- Opening Delimiter -
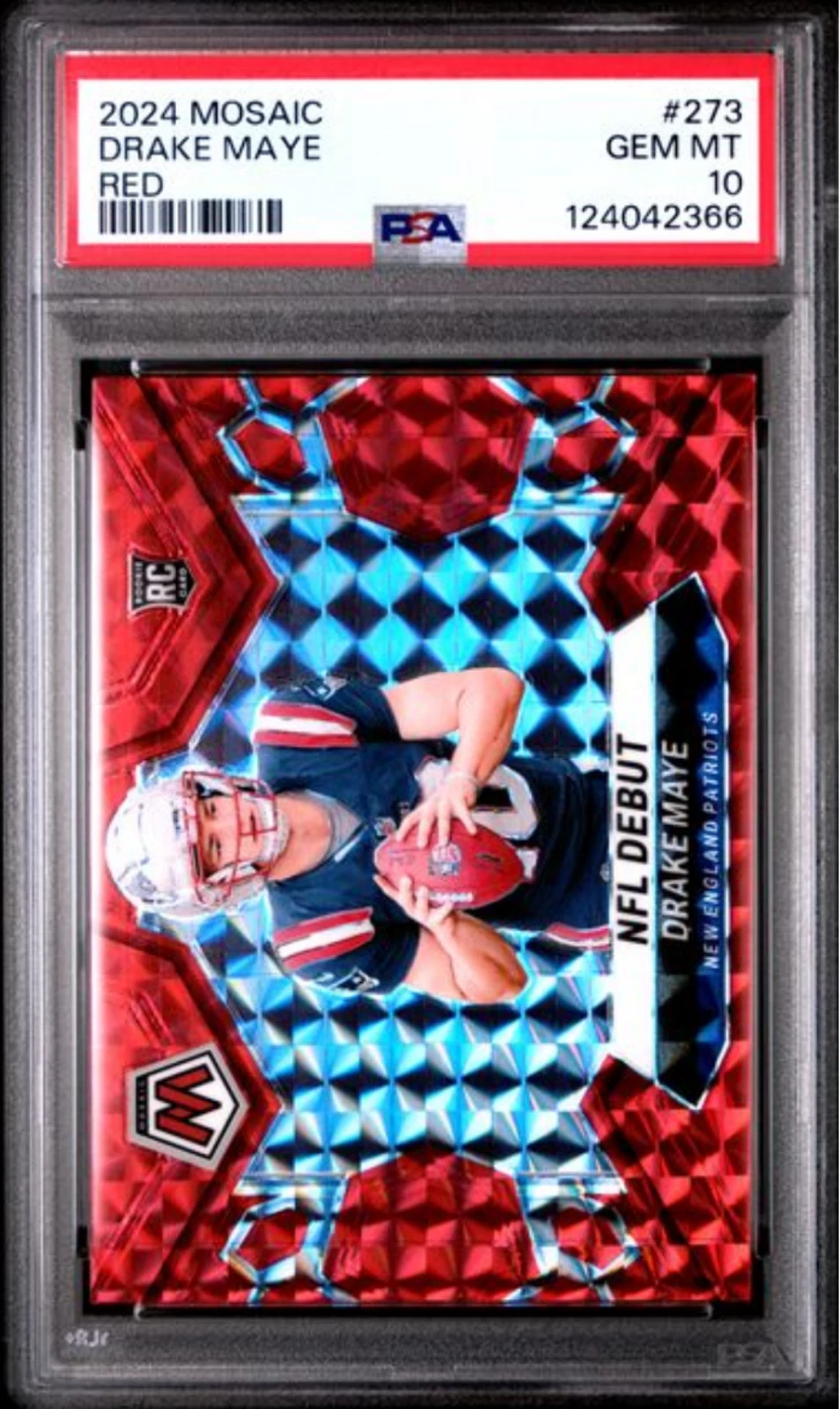 Graded 2024 Panini Mosaic Drake Maye #273 Red Rookie RC Football Card PSA 10 Gem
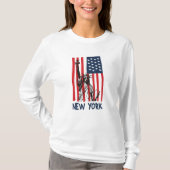 New York NY Statue of Liberty USA America Flag T-shirt (Voorkant)
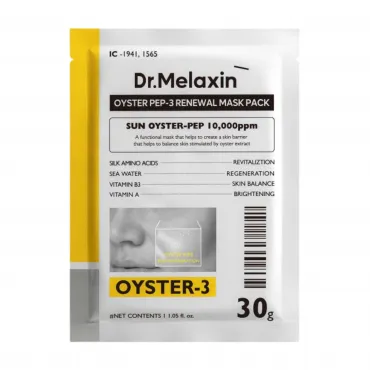 Dr. Melaxin Oyster Pep-3 Renewal Mask lakštinė veido kaukė su austrių ekstraktu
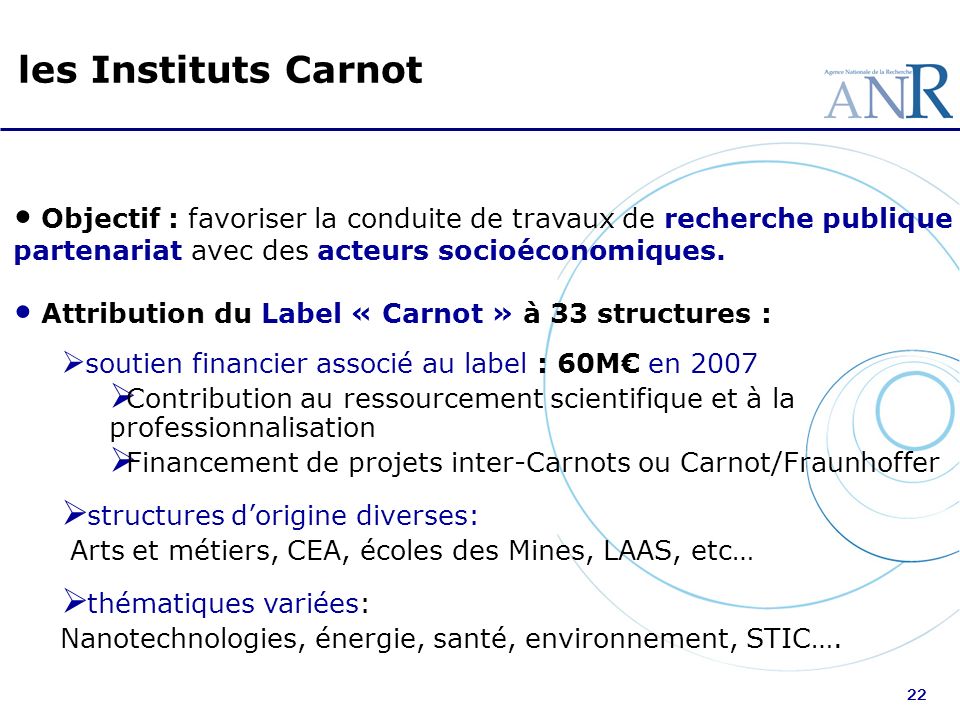 les Instituts Carnot Objectif : favoriser la conduite de travaux de recherche publique en partenariat avec des acteurs socioéconomiques.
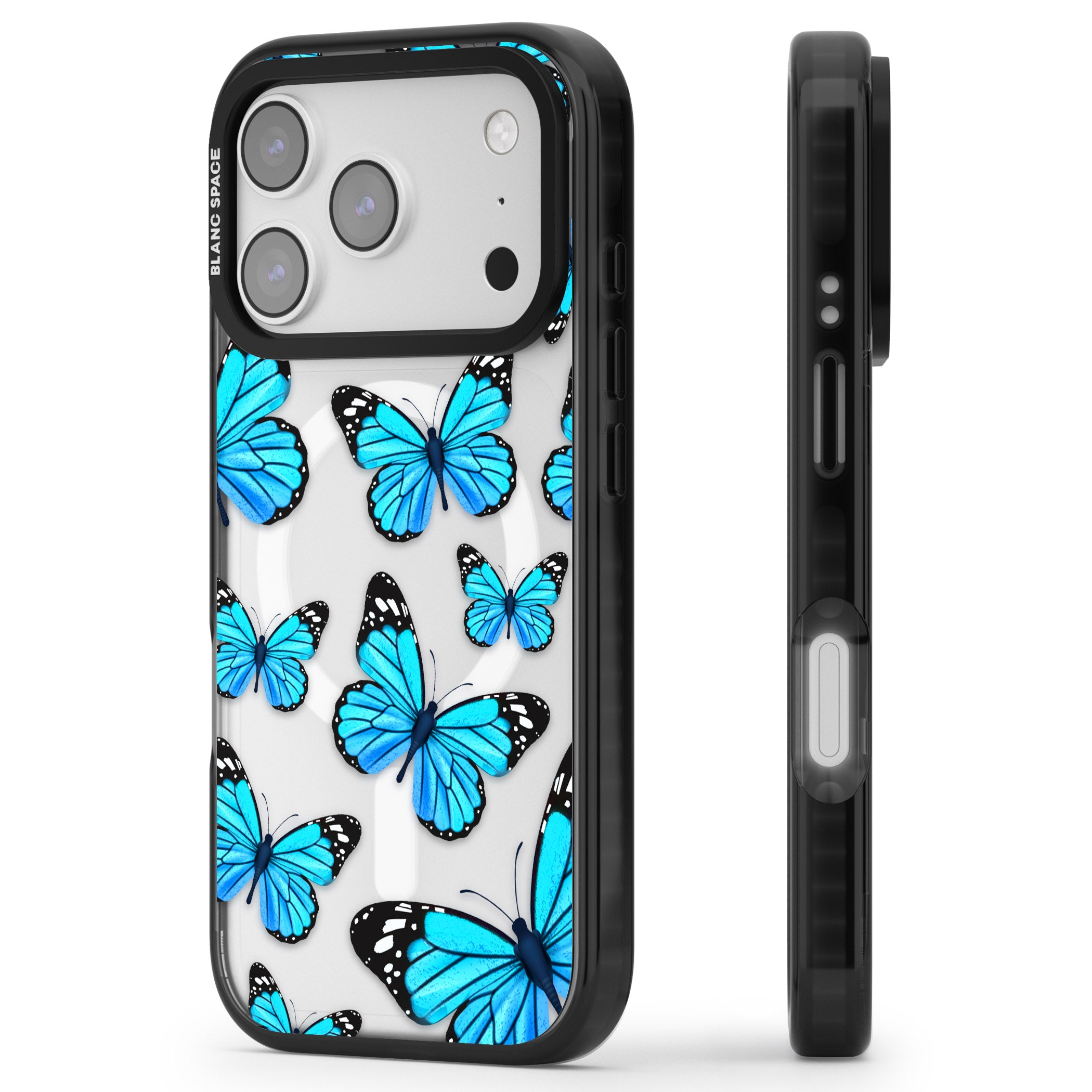 Blue Butterflies iPhone 17 Pro Max Impact Pro Black Phone Case Side Profile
- Closing Delimiter -
- _Task to carry out_:
Output an exact copy of the material, with the pictures removed.

- _Response box_:
 Graded 2024 Panini Mosaic Drake Maye #273 Red Rookie RC Football Card PSA 10 Gem
 New York NY Statue of Liberty USA America Flag T-shirt (Voorkant)
 Dr. Melaxin Oyster Pep-3 Renewal Mask lakštinė veido kaukė su austrių ekstraktu
 les Instituts Carnot Objectif : favoriser la conduite de travaux de recherche publique en partenariat avec des acteurs socioéconomiques.
 Blue Butterflies iPhone 17 Pro Max Impact Pro Black Phone Case Side Profile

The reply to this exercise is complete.